Fadhel Kaboub: The ultimate demonstration of Global North hypocrisy
Using the weakest possible language of “transitioning away from fossil fuels” while most rich countries plan to spend billions of dollars building new fossil fuel infrastructure, and avoiding the financial responsibility to finance a just transition for developing countries, is the ultimate demonstration of Global North hypocrisy. The major loophole one can sail an LNG carrier through is the language around “unabated” fossil fuels, which relies on unproven and expensive technologies of carbon capture and sequestration (CCS) and carbon dioxide removal (CDR) that are designed to extend the life of the fossil fuel industry.
Tripling the deployment of renewable energy infrastructure by 2030 should not be celebrated as a COP28 achievement. These are investments that are inevitably going to take place because they represent the winning technologies of the future, with or without COP. Purely on economic terms, renewables beat their fossil fuel competitors hands down. The Global North is taking credit for real progress that is going to happen regardless. The use of “net zero” language meanwhile serves as a tranquilising drug to avoid the scientifically-proven imperative of ending the fossil fuel era. This is like someone sitting on their hands and putting one foot in a bucket of ice and the other foot in a bucket of burning charcoal and thinking “net zero” is a good survival strategy.

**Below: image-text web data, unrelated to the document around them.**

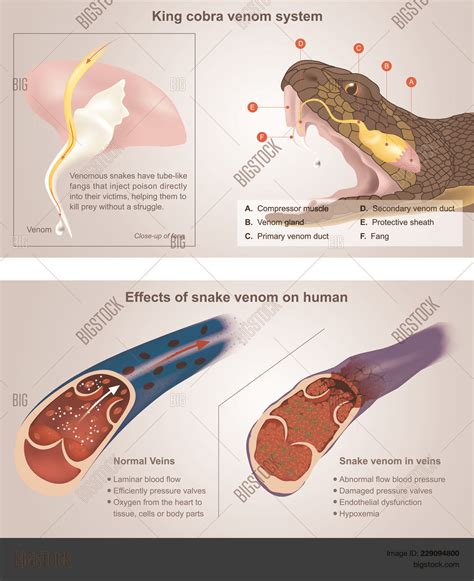 King Cobra Venom Vector & Photo (Free Trial) | Bigstock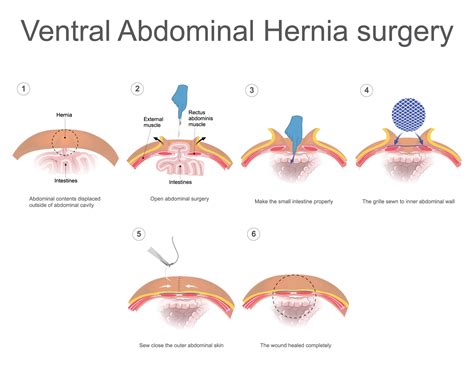 Laparoscopic Hernia Repair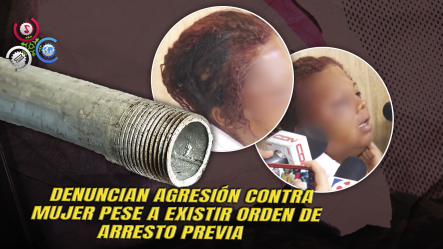 Mujer Denuncia Brutal Agresión De Su Expareja Con Un Tubo En La Ciénaga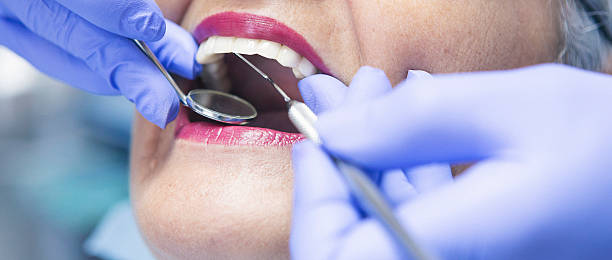 Best Emergency Dental Care for Broken or Chipped Teeth in Black Rock, NM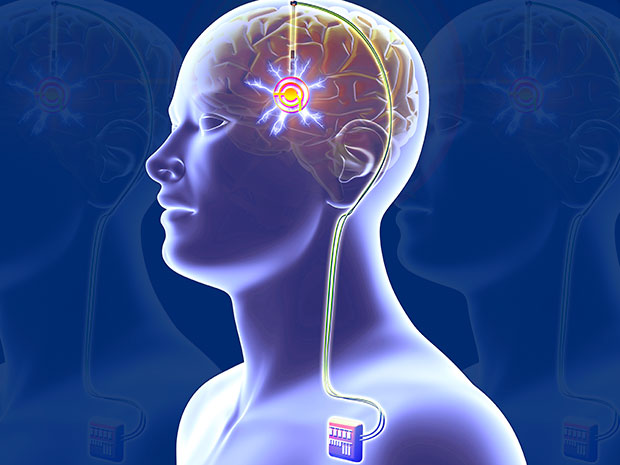 Animação de pessoa com eletrodos no cérebro para o tratamento de doenças
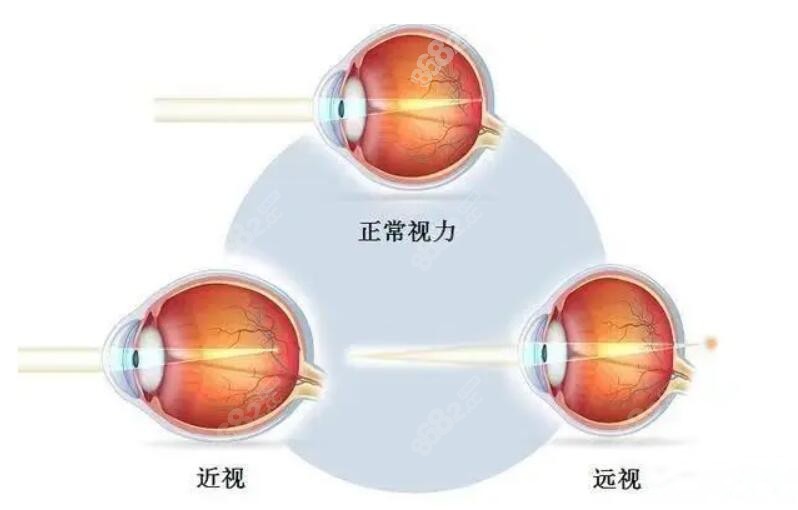 正常视力和远视近视的区别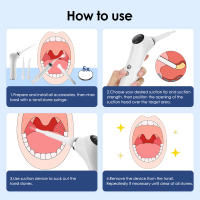 Kit De Eliminador De Pedrascas Adenoides Electrónico Con Luz LED 3 Modos De Succión Limpieza Oral Herramienta De Limpieza De La Boca Cuidado De La Salud Oral - details 7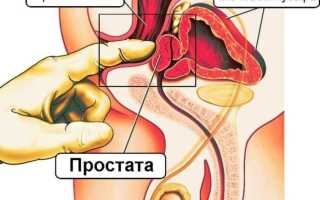 Урология массаж при простатите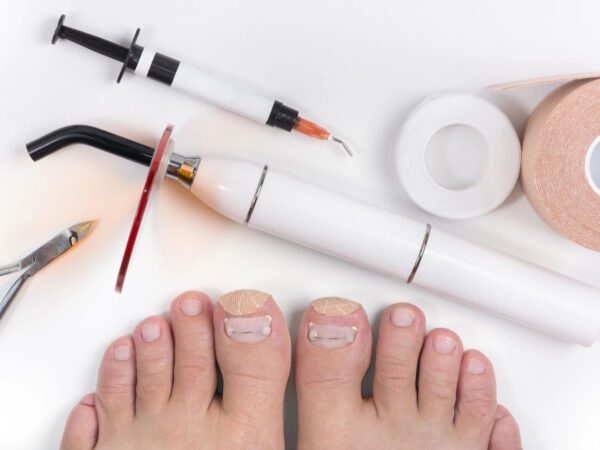 Specialistische technieken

While COP28 succeeded in finally creating the Loss and Damage Fund, the amount of pledges did not even reach one billion dollars, far short of the minimum of $2.4 trillion needed by 2030. This signals the intention to rely heavily on predatory and dangerous financing tactics that amount to greenwashed colonial debt traps for developing countries.
- Fadhel Kaboub is an associate professor of economics at Denison University and president of the Global Institute for Sustainable Prosperity.
Lily Odarno: A reality check that climate talks don’t happen in a vacuum
The UAE Consensus adopted at COP28 is an important reality check for the climate community; we are forced to come to terms with the hard truth that climate action is not navigated in a vacuum but in a world of competing priorities, unequal economic development, and shifting geopolitics. It is encouraging to see the first global vision to transition from fossil fuels coupled with an ambitious commitment to triple renewable energy and scale energy efficiency. Of equal significance is the acknowledgement that differences in regional contexts imply that one size cannot fit all as we strive to meet our global climate goals. African governments that are striving to achieve climate objectives while lifting millions out of poverty and building out the region’s energy infrastructure will require solutions that respond to these multiple needs, not prescriptive solutions modelled after developed country priorities and realities. The success of future climate action will depend, in part, on how pragmatic we are with adopting and implementing region-appropriate solutions that are responsive to local needs and drive tangible mitigation and adaptation benefits in Africa.
- Lily Odarno is the Director of Clean Air Task Force’s Energy and Climate Innovation Program, Africa.